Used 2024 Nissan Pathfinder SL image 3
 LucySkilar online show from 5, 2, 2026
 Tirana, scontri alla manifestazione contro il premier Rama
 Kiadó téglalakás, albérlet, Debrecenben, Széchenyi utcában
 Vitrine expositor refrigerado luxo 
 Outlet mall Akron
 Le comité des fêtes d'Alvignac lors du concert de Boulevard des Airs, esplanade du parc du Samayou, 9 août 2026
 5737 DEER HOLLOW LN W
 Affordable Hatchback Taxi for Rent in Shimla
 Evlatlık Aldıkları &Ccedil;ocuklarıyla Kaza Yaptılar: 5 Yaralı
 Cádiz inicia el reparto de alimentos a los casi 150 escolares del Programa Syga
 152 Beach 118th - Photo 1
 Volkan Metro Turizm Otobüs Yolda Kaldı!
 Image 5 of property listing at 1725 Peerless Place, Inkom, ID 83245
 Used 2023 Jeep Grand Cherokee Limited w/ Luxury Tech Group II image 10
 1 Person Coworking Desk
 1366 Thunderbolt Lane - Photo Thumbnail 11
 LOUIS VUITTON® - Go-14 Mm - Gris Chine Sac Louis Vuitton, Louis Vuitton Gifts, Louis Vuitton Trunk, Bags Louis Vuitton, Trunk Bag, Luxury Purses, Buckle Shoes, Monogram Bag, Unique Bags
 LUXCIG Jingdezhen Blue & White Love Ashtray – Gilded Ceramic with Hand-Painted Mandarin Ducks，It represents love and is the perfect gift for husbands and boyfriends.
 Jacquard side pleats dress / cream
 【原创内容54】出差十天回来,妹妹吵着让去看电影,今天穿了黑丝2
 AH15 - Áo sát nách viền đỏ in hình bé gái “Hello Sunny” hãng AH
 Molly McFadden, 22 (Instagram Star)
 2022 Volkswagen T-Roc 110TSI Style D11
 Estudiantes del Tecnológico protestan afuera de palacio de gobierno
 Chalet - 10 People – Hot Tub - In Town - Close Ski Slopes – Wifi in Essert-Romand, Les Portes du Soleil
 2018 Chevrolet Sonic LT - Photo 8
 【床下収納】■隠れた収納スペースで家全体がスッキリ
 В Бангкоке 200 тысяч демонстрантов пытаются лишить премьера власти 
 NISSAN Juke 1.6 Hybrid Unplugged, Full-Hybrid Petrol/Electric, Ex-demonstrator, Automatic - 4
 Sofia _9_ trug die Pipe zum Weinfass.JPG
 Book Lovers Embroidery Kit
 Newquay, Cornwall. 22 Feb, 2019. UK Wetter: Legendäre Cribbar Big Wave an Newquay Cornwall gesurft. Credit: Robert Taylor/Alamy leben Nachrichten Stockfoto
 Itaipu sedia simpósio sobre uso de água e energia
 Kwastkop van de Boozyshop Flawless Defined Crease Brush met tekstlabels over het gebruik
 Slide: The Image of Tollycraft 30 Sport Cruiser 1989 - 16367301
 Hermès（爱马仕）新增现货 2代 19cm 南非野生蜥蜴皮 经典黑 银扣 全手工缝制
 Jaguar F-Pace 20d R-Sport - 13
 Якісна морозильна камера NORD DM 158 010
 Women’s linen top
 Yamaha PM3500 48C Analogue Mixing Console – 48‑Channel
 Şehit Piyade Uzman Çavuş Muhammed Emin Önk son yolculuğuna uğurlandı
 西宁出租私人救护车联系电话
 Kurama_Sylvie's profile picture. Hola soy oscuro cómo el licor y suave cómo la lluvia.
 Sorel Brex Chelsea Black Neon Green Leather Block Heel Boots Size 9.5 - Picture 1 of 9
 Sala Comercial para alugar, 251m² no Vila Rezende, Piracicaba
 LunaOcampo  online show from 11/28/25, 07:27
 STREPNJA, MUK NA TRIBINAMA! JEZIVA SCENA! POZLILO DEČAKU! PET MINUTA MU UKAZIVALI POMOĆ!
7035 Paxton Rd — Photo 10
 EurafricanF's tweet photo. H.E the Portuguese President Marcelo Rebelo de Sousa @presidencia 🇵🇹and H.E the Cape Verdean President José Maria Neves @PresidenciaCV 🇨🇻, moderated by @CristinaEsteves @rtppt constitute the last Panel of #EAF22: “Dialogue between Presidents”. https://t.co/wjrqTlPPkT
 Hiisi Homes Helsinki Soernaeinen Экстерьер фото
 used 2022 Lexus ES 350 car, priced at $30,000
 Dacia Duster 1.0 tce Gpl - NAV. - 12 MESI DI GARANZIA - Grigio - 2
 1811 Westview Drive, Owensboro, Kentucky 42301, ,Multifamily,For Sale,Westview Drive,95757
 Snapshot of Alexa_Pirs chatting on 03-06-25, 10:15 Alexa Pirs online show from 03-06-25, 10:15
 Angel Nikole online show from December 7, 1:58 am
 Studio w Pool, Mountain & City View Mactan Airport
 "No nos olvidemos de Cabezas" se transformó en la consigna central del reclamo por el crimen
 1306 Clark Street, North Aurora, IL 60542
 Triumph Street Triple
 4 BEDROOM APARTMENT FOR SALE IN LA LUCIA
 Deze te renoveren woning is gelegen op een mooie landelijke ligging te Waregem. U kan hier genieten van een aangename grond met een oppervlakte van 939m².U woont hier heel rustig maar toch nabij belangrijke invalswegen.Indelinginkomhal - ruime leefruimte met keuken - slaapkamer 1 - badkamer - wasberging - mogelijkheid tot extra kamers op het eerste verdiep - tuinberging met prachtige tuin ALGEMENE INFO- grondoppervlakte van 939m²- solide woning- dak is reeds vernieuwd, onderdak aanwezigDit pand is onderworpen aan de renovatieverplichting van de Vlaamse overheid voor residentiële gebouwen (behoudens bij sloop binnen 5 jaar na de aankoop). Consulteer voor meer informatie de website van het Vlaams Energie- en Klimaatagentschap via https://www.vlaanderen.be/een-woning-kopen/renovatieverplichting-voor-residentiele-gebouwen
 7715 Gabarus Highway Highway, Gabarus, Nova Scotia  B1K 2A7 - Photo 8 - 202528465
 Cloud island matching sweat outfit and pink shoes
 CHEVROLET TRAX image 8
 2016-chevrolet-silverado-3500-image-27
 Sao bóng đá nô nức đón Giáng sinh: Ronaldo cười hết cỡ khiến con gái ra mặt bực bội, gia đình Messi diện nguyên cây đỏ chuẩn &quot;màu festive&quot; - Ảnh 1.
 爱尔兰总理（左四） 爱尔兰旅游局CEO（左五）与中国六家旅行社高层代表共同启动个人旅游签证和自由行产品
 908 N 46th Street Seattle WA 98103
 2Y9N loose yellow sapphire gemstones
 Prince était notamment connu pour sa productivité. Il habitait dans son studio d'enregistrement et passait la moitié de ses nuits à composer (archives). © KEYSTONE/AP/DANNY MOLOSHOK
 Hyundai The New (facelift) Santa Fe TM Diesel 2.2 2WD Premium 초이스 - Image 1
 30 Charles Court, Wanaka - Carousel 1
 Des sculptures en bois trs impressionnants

▸ WHAT THE EXERCISE ASKS: Copy the entire listing above, line for line, exactly.

▸ COMPLETED TASK:
Used 2024 Nissan Pathfinder SL image 3
 LucySkilar online show from 5, 2, 2026
 Tirana, scontri alla manifestazione contro il premier Rama
 Kiadó téglalakás, albérlet, Debrecenben, Széchenyi utcában
 Vitrine expositor refrigerado luxo 
 Outlet mall Akron
 Le comité des fêtes d'Alvignac lors du concert de Boulevard des Airs, esplanade du parc du Samayou, 9 août 2026
 5737 DEER HOLLOW LN W
 Affordable Hatchback Taxi for Rent in Shimla
 Evlatlık Aldıkları &Ccedil;ocuklarıyla Kaza Yaptılar: 5 Yaralı
 Cádiz inicia el reparto de alimentos a los casi 150 escolares del Programa Syga
 152 Beach 118th - Photo 1
 Volkan Metro Turizm Otobüs Yolda Kaldı!
 Image 5 of property listing at 1725 Peerless Place, Inkom, ID 83245
 Used 2023 Jeep Grand Cherokee Limited w/ Luxury Tech Group II image 10
 1 Person Coworking Desk
 1366 Thunderbolt Lane - Photo Thumbnail 11
 LOUIS VUITTON® - Go-14 Mm - Gris Chine Sac Louis Vuitton, Louis Vuitton Gifts, Louis Vuitton Trunk, Bags Louis Vuitton, Trunk Bag, Luxury Purses, Buckle Shoes, Monogram Bag, Unique Bags
 LUXCIG Jingdezhen Blue & White Love Ashtray – Gilded Ceramic with Hand-Painted Mandarin Ducks，It represents love and is the perfect gift for husbands and boyfriends.
 Jacquard side pleats dress / cream
 【原创内容54】出差十天回来,妹妹吵着让去看电影,今天穿了黑丝2
 AH15 - Áo sát nách viền đỏ in hình bé gái “Hello Sunny” hãng AH
 Molly McFadden, 22 (Instagram Star)
 2022 Volkswagen T-Roc 110TSI Style D11
 Estudiantes del Tecnológico protestan afuera de palacio de gobierno
 Chalet - 10 People – Hot Tub - In Town - Close Ski Slopes – Wifi in Essert-Romand, Les Portes du Soleil
 2018 Chevrolet Sonic LT - Photo 8
 【床下収納】■隠れた収納スペースで家全体がスッキリ
 В Бангкоке 200 тысяч демонстрантов пытаются лишить премьера власти 
 NISSAN Juke 1.6 Hybrid Unplugged, Full-Hybrid Petrol/Electric, Ex-demonstrator, Automatic - 4
 Sofia _9_ trug die Pipe zum Weinfass.JPG
 Book Lovers Embroidery Kit
 Newquay, Cornwall. 22 Feb, 2019. UK Wetter: Legendäre Cribbar Big Wave an Newquay Cornwall gesurft. Credit: Robert Taylor/Alamy leben Nachrichten Stockfoto
 Itaipu sedia simpósio sobre uso de água e energia
 Kwastkop van de Boozyshop Flawless Defined Crease Brush met tekstlabels over het gebruik
 Slide: The Image of Tollycraft 30 Sport Cruiser 1989 - 16367301
 Hermès（爱马仕）新增现货 2代 19cm 南非野生蜥蜴皮 经典黑 银扣 全手工缝制
 Jaguar F-Pace 20d R-Sport - 13
 Якісна морозильна камера NORD DM 158 010
 Women’s linen top
 Yamaha PM3500 48C Analogue Mixing Console – 48‑Channel
 Şehit Piyade Uzman Çavuş Muhammed Emin Önk son yolculuğuna uğurlandı
 西宁出租私人救护车联系电话
 Kurama_Sylvie's profile picture. Hola soy oscuro cómo el licor y suave cómo la lluvia.
 Sorel Brex Chelsea Black Neon Green Leather Block Heel Boots Size 9.5 - Picture 1 of 9
 Sala Comercial para alugar, 251m² no Vila Rezende, Piracicaba
 LunaOcampo  online show from 11/28/25, 07:27
 STREPNJA, MUK NA TRIBINAMA! JEZIVA SCENA! POZLILO DEČAKU! PET MINUTA MU UKAZIVALI POMOĆ!
7035 Paxton Rd — Photo 10
 EurafricanF's tweet photo. H.E the Portuguese President Marcelo Rebelo de Sousa @presidencia 🇵🇹and H.E the Cape Verdean President José Maria Neves @PresidenciaCV 🇨🇻, moderated by @CristinaEsteves @rtppt constitute the last Panel of #EAF22: “Dialogue between Presidents”. https://t.co/wjrqTlPPkT
 Hiisi Homes Helsinki Soernaeinen Экстерьер фото
 used 2022 Lexus ES 350 car, priced at $30,000
 Dacia Duster 1.0 tce Gpl - NAV. - 12 MESI DI GARANZIA - Grigio - 2
 1811 Westview Drive, Owensboro, Kentucky 42301, ,Multifamily,For Sale,Westview Drive,95757
 Snapshot of Alexa_Pirs chatting on 03-06-25, 10:15 Alexa Pirs online show from 03-06-25, 10:15
 Angel Nikole online show from December 7, 1:58 am
 Studio w Pool, Mountain & City View Mactan Airport
 "No nos olvidemos de Cabezas" se transformó en la consigna central del reclamo por el crimen
 1306 Clark Street, North Aurora, IL 60542
 Triumph Street Triple
 4 BEDROOM APARTMENT FOR SALE IN LA LUCIA
 Deze te renoveren woning is gelegen op een mooie landelijke ligging te Waregem. U kan hier genieten van een aangename grond met een oppervlakte van 939m².U woont hier heel rustig maar toch nabij belangrijke invalswegen.Indelinginkomhal - ruime leefruimte met keuken - slaapkamer 1 - badkamer - wasberging - mogelijkheid tot extra kamers op het eerste verdiep - tuinberging met prachtige tuin ALGEMENE INFO- grondoppervlakte van 939m²- solide woning- dak is reeds vernieuwd, onderdak aanwezigDit pand is onderworpen aan de renovatieverplichting van de Vlaamse overheid voor residentiële gebouwen (behoudens bij sloop binnen 5 jaar na de aankoop). Consulteer voor meer informatie de website van het Vlaams Energie- en Klimaatagentschap via https://www.vlaanderen.be/een-woning-kopen/renovatieverplichting-voor-residentiele-gebouwen
 7715 Gabarus Highway Highway, Gabarus, Nova Scotia  B1K 2A7 - Photo 8 - 202528465
 Cloud island matching sweat outfit and pink shoes
 CHEVROLET TRAX image 8
 2016-chevrolet-silverado-3500-image-27
 Sao bóng đá nô nức đón Giáng sinh: Ronaldo cười hết cỡ khiến con gái ra mặt bực bội, gia đình Messi diện nguyên cây đỏ chuẩn &quot;màu festive&quot; - Ảnh 1.
 爱尔兰总理（左四） 爱尔兰旅游局CEO（左五）与中国六家旅行社高层代表共同启动个人旅游签证和自由行产品
 908 N 46th Street Seattle WA 98103
 2Y9N loose yellow sapphire gemstones
 Prince était notamment connu pour sa productivité. Il habitait dans son studio d'enregistrement et passait la moitié de ses nuits à composer (archives). © KEYSTONE/AP/DANNY MOLOSHOK
 Hyundai The New (facelift) Santa Fe TM Diesel 2.2 2WD Premium 초이스 - Image 1
 30 Charles Court, Wanaka - Carousel 1
 Des sculptures en bois trs impressionnants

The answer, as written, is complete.